WORK ITEM -
Transcribe the data verbatim and drop its images.

STORED DATA -
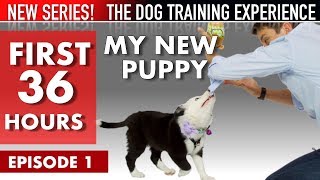 My New Puppy The First 36 Hours NEW SERIES The Dog Training Experience Episode 1 [upl. by Sueaddaht991]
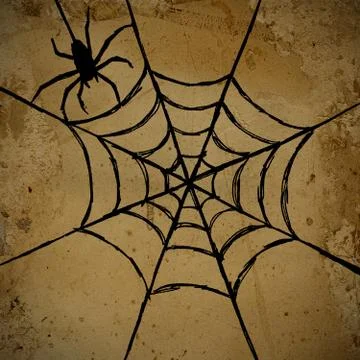 Spider and web イラスト素材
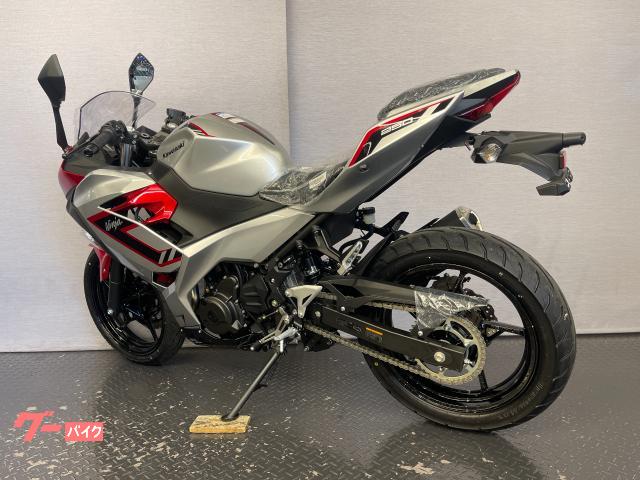 カワサキ Ninja 250 8BK－EX250Y ギャラクシー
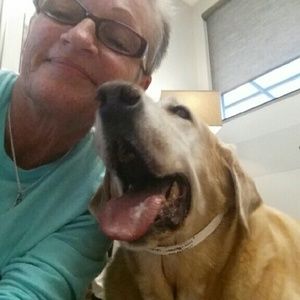 Meet your Posher, Donna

ANSWER BELOW -
 My New Puppy The First 36 Hours NEW SERIES The Dog Training Experience Episode 1 [upl. by Sueaddaht991]
 Spider and web イラスト素材
 カワサキ Ninja 250 8BK－EX250Y ギャラクシー
 Meet your Posher, Donna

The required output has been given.